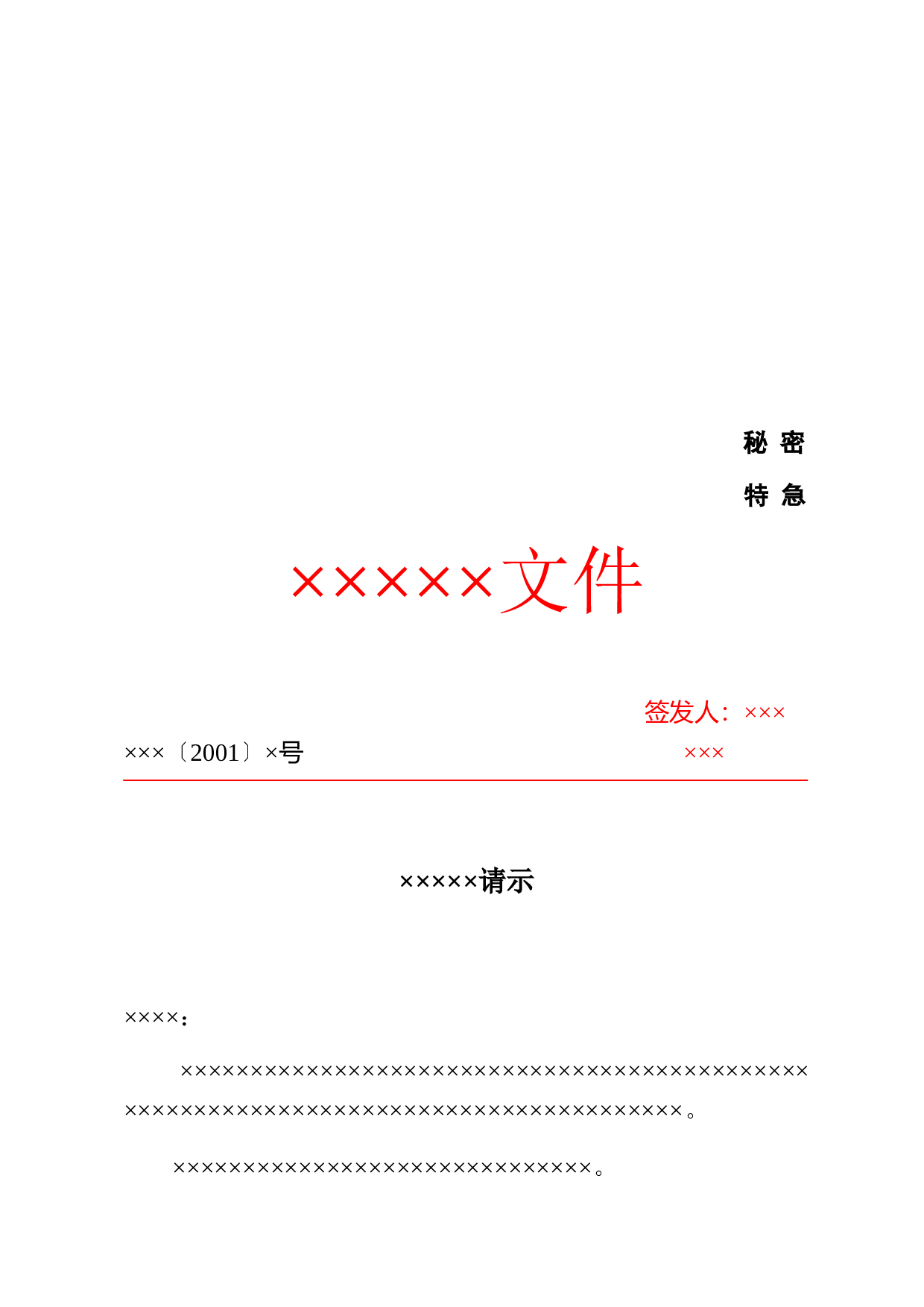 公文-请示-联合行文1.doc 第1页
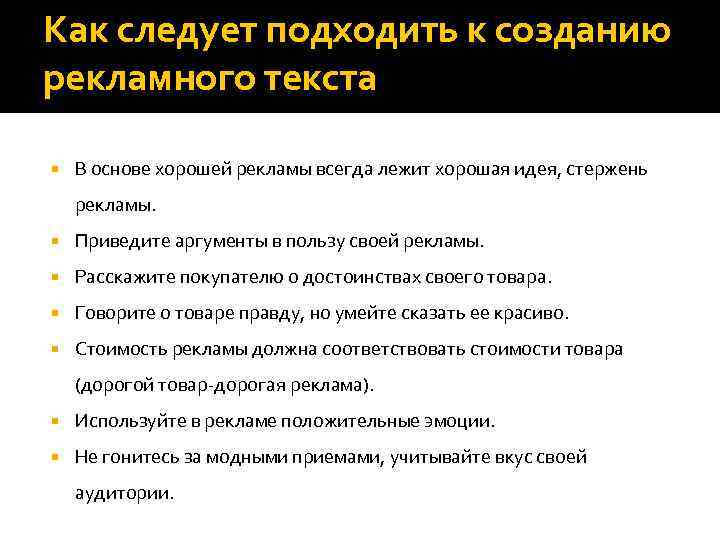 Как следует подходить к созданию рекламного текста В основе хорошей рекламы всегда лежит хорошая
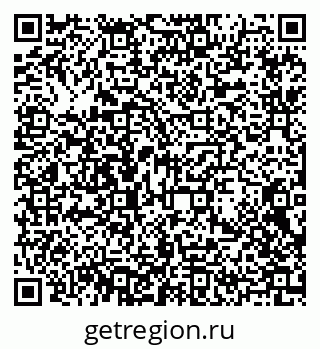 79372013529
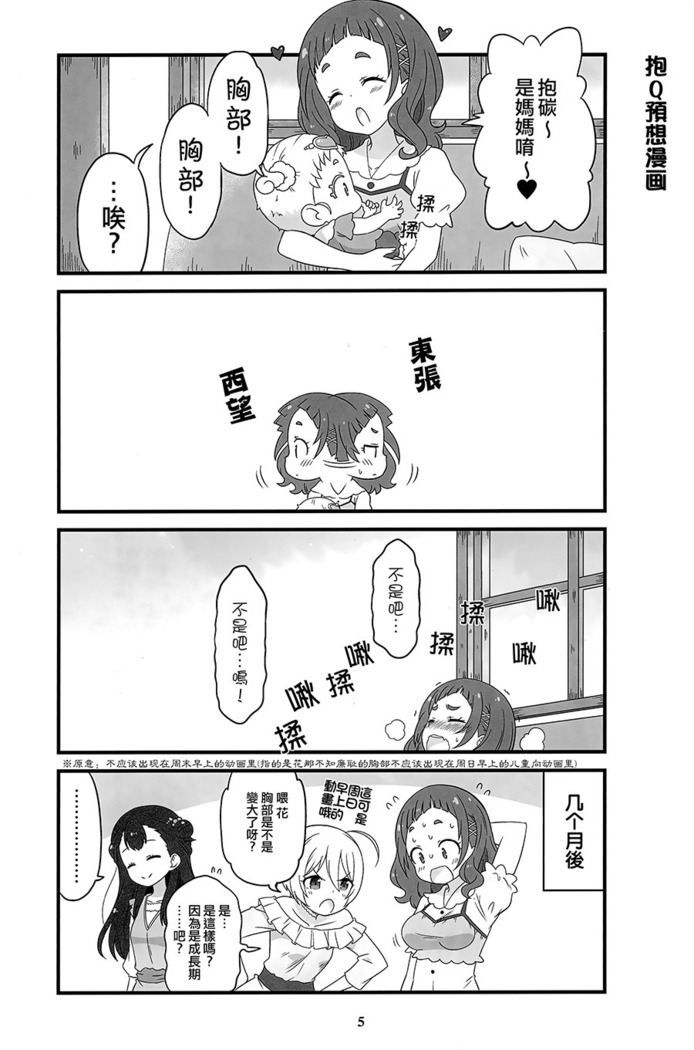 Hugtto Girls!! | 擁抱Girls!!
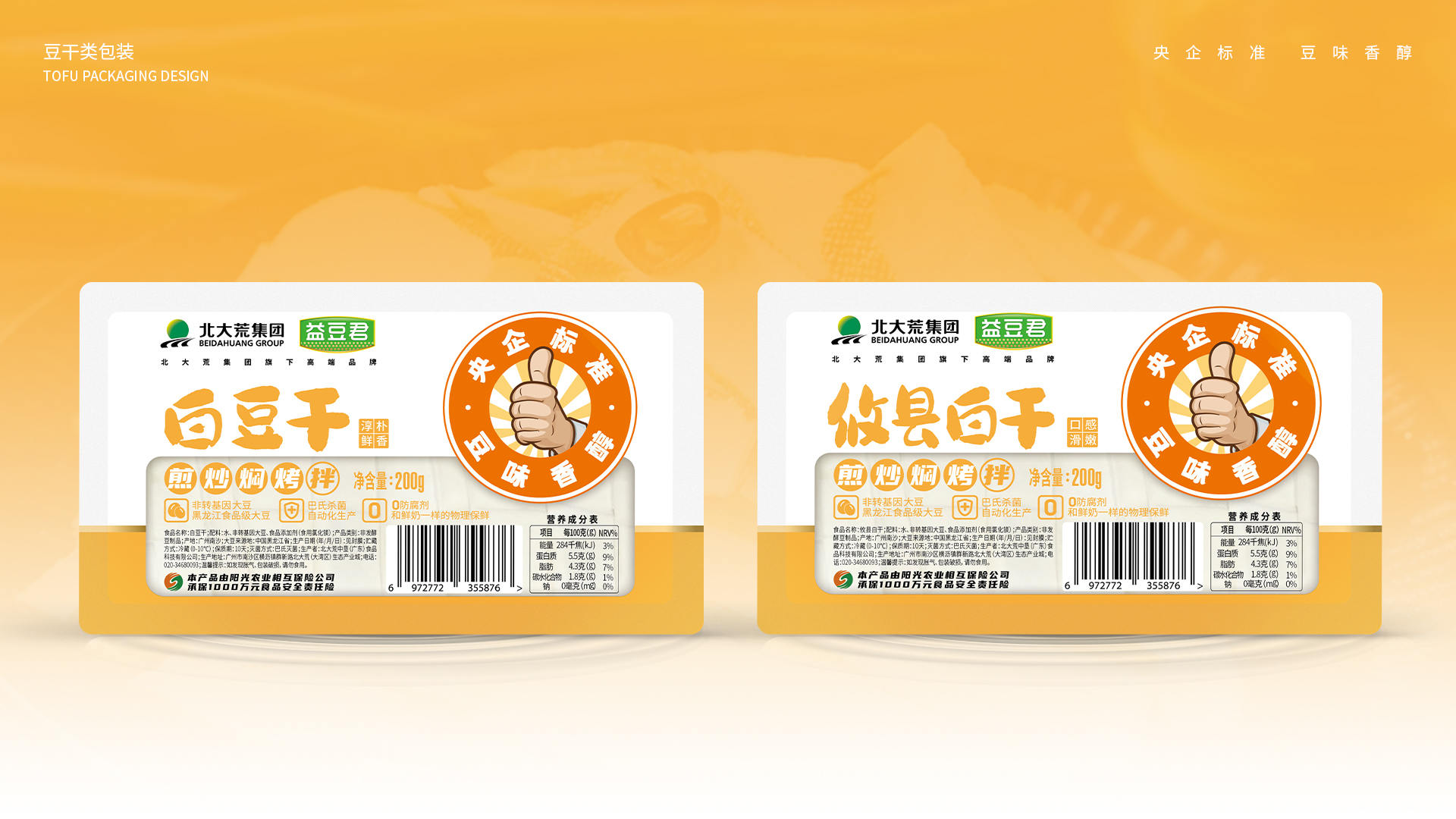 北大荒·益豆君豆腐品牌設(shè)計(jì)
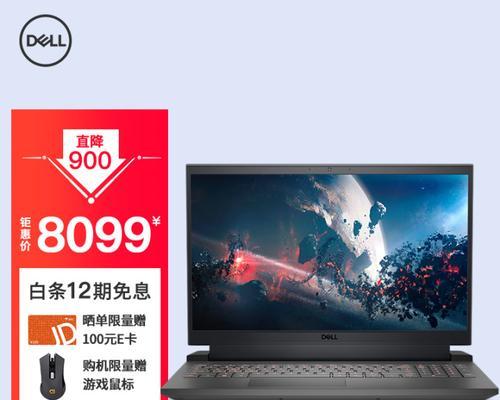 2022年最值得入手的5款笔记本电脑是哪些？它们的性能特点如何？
━━━━
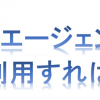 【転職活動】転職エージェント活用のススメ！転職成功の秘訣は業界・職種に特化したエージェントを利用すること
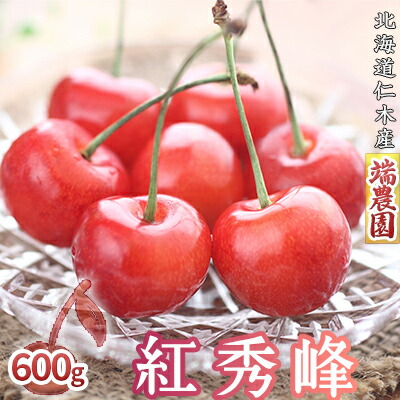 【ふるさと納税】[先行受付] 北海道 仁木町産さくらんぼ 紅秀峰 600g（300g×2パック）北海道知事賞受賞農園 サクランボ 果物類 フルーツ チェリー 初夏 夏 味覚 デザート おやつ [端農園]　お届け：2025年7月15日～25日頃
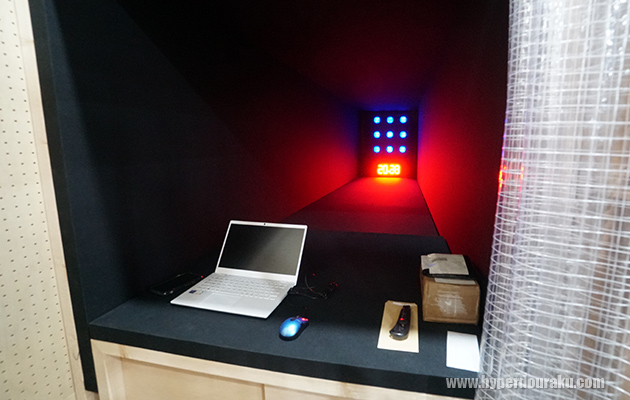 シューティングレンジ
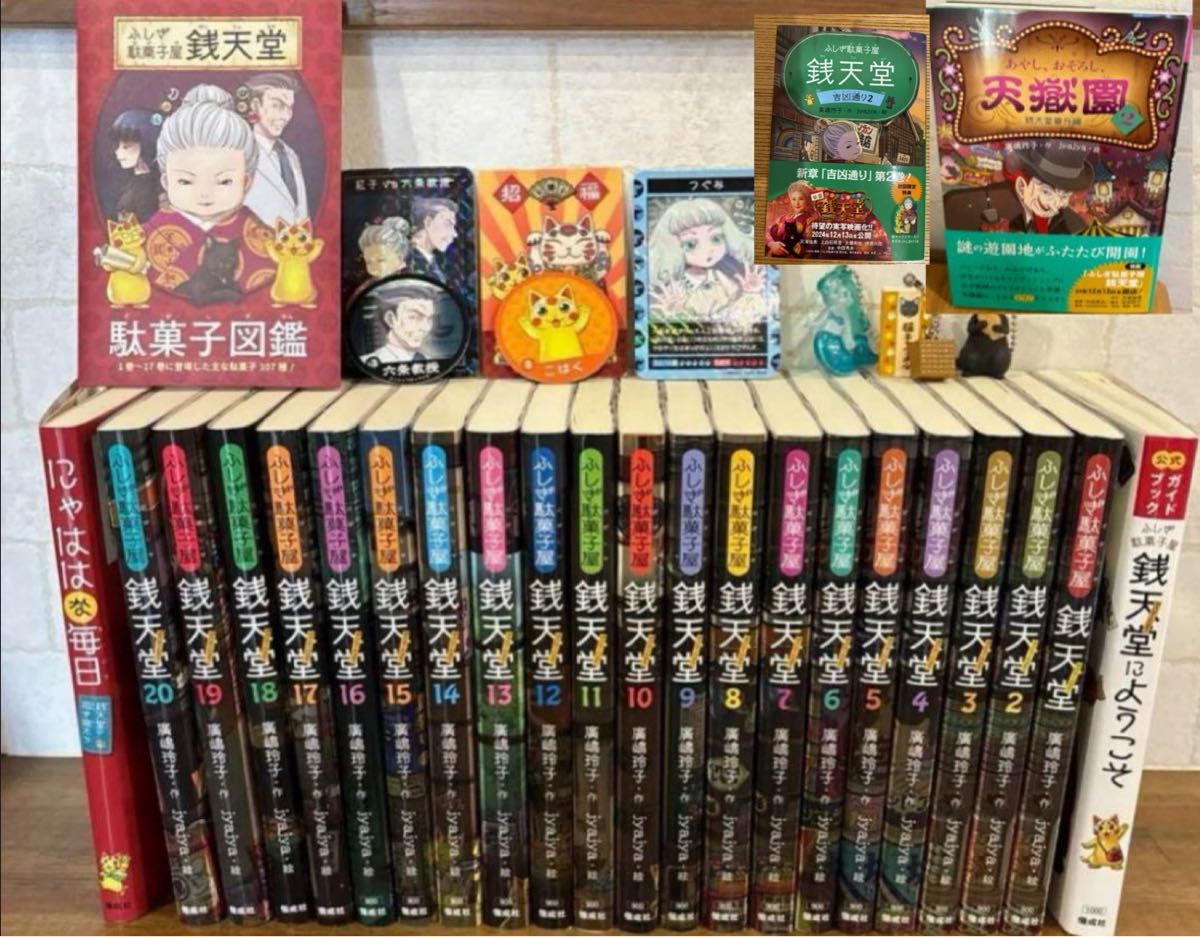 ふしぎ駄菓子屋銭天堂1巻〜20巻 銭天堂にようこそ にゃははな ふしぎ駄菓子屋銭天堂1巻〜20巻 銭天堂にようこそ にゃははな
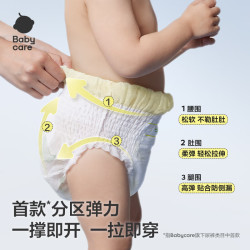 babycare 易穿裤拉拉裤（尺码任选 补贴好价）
━━━━
* [ABOUT THIS EXERCISE] Could you write out exactly the lines of the data above that run from the one holding "ふしぎ駄菓子屋銭天堂1巻〜20巻 銭天堂にようこそ にゃははな ふしぎ駄菓子屋銭天堂1巻〜20巻" to the one holding "babycare 易穿裤拉拉裤（尺码任选 补贴好价）", with both ends in and all pictures out?

* [PROBLEM SOLUTION]
 ふしぎ駄菓子屋銭天堂1巻〜20巻 銭天堂にようこそ にゃははな ふしぎ駄菓子屋銭天堂1巻〜20巻 銭天堂にようこそ にゃははな
 babycare 易穿裤拉拉裤（尺码任选 补贴好价）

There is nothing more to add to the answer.